What others say: “Arguably he had one of the most noteworthy careers in the long and tradition-rich history of Stevens Point basketball. He’s the career leading scorer, leading rebounder and second in career assists, which tells you how complete a basketball player he was. He’s the most complete player I’ve ever coached, and on top of it, he had one of the most positive competitive attitudes I’ve ever been around. He hated to lose. He and the other leaders on those teams made it difficult for the others to not play their best. I’ve also seen those kind of players put too much pressure on themselves, but he had a great balance between forgiving himself for his mistakes and pushing himself to put better.”
– Jack Bennett, UW-Stevens Point coach

Career synopsis: Kalsow started all 121 games of his four-year career and was the epitome of a complete player. He ended as UWSP's career leader in points and rebounds and he was No. 2 all-time in assists, a stat usually attributed to point guards. Bennett coined the term "point forward" to describe Kalsow and often compared him to Larry Bird. Early in his career, Kalsow utilized his size, strength and athleticism to punish his foes in the post, while later in his career, he developed an equally punishing outside game, shooting nearly 50% from beyond the three-point line as a senior. He always looked for the open player and got the ball to teammates at the most opportune time. And when he was called upon, Kalsow hit the "big shot," as he did to win the 2004 national title, though, through his play, the game was usually out of reach long before the final buzzer.

Center Jeff Gibbs
Otterbein, 1999-2002

Jeff Gibbs All-American years:
2000 (honorable mention), 2001 (second team), 2002 (first team)

Conference honors: 2000 Player of the Year, 2002 Player of the Year

NCAA Tournament appearances: 1999 (second round), 2002 (national champions)

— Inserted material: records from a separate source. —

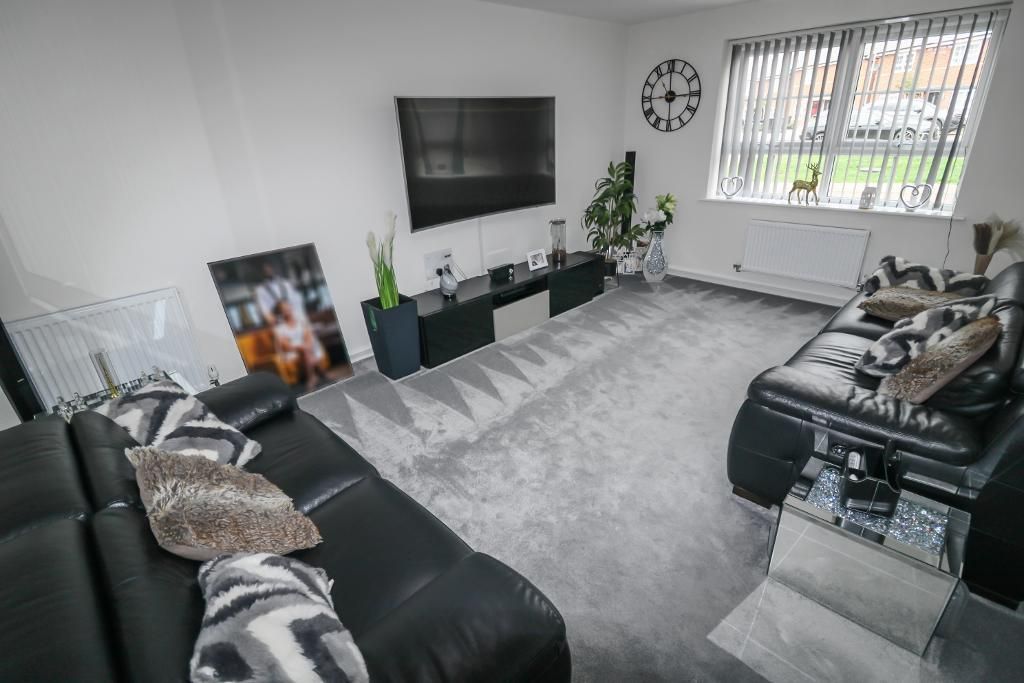 Property photo 2 of 18 Lounge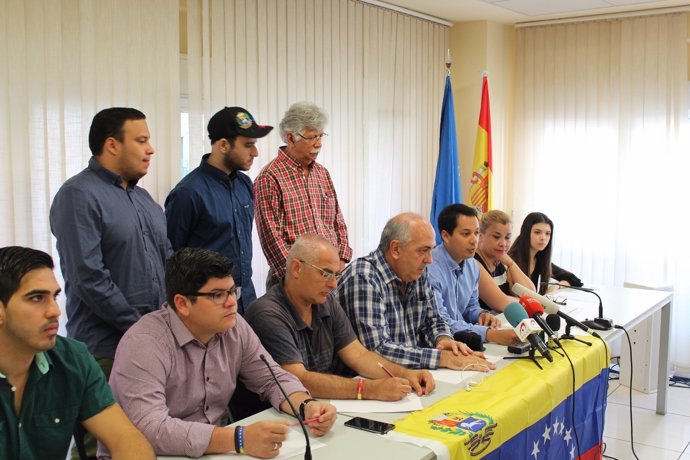 La Mesa de la Unidad en Madrid pide a Rajoy que presione a Maduro
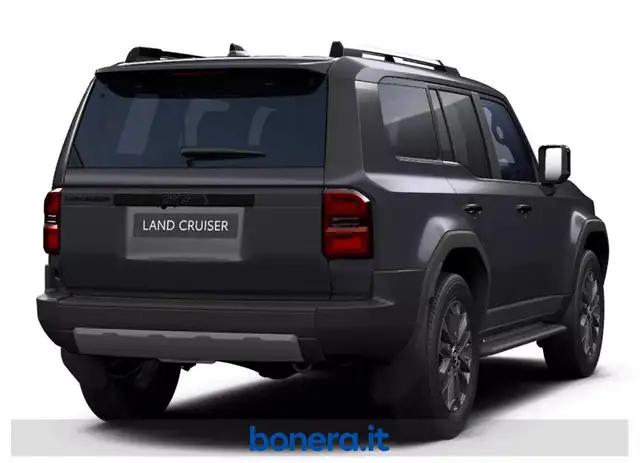 Toyota Land Cruiser view 3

Other honors: 2001 All-American tight end, 2002 Final Four MVP

What others say: “He was respected by faculty, staff and students for his easy going, humble and friendly personality.  He was a leader on and off the court.  The work ethic that led to his and the teams’ success, set the example for all athletes.”
– Dick Reynolds, Otterbein coach

Career synopsis: Gibbs was the most unlikely big man to win a national title in the decade, if not the most unlikely big man on any team. That’s because the term “big” is used loosely. Gibbs was listed at 6-3 and certainly played like he was 6-7. But when he played tight end for the Otterbein football team, he was listed at 6-1, and that was far more accurate. Regardless, Gibbs’ athleticism and leaping ability let him make plays bigger men couldn’t. Over the course of his career he scored 1,924 points and had 1,496 rebounds, capping it with an incredible 25-point, 25-rebound performance in the national title game. He shot 63.8 percent from the floor for his career.